**TO DO**
Write out exactly the lines below starting at the one containing "Artificial intelligence applied" and ending at the one containing "3d ultrasound scan. baby (3D ultrasound scan". Omit every picture.

**DATA TO EXAMINE**
───
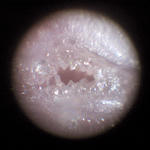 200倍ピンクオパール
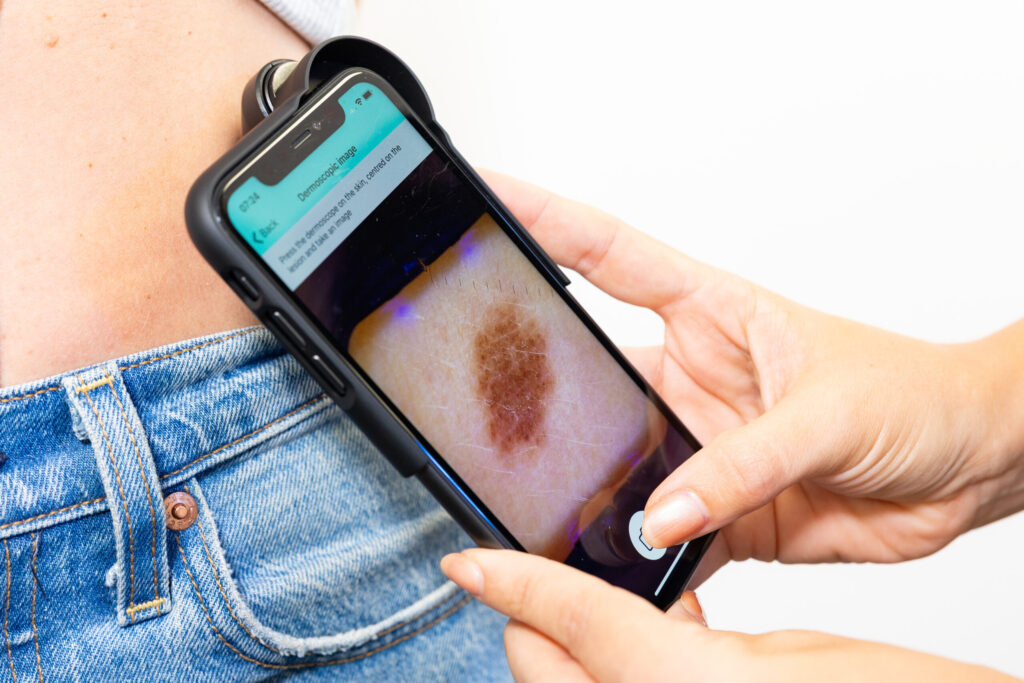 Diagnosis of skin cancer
───
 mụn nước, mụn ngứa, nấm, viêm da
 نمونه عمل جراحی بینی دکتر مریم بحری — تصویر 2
───
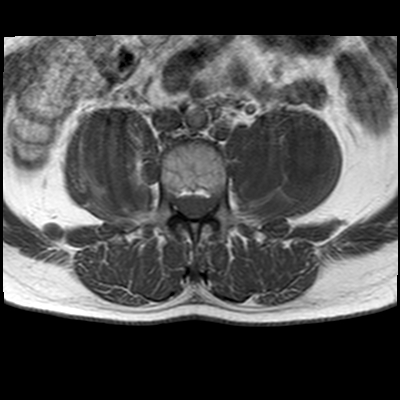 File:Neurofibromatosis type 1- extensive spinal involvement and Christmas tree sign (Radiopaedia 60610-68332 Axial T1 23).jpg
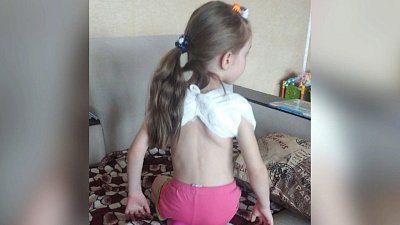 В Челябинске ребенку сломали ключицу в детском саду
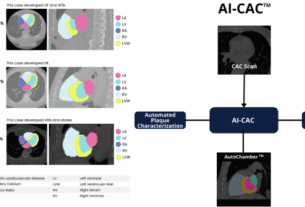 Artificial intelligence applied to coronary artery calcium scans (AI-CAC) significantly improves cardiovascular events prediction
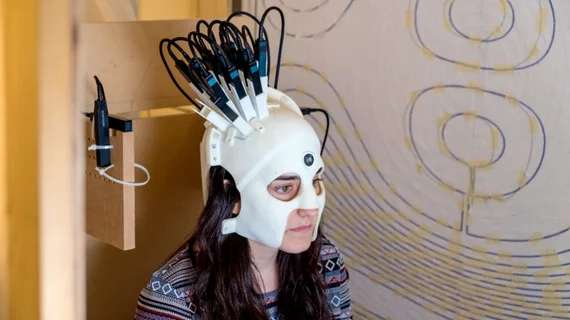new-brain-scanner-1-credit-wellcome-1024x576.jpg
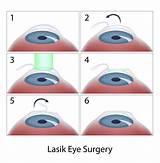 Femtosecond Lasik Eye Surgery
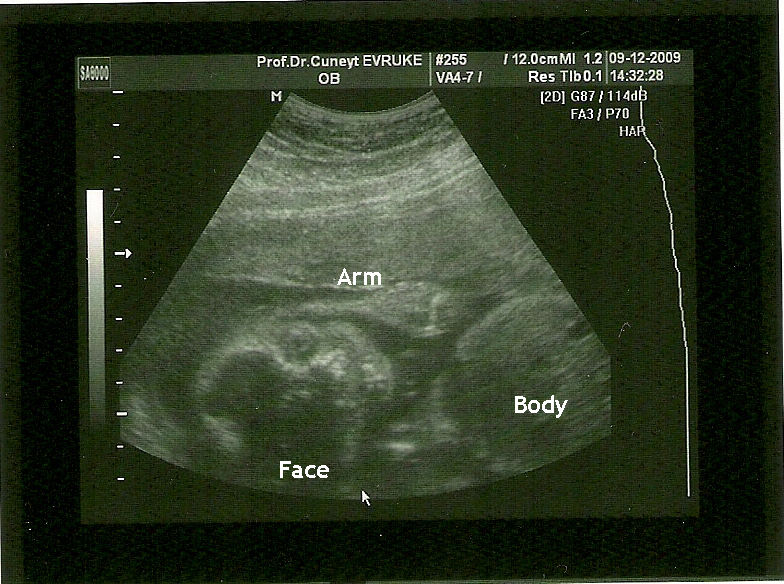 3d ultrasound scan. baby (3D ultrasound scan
───
**WORKED SOLUTION**
 Artificial intelligence applied to coronary artery calcium scans (AI-CAC) significantly improves cardiovascular events prediction
new-brain-scanner-1-credit-wellcome-1024x576.jpg
 Femtosecond Lasik Eye Surgery
 3d ultrasound scan. baby (3D ultrasound scan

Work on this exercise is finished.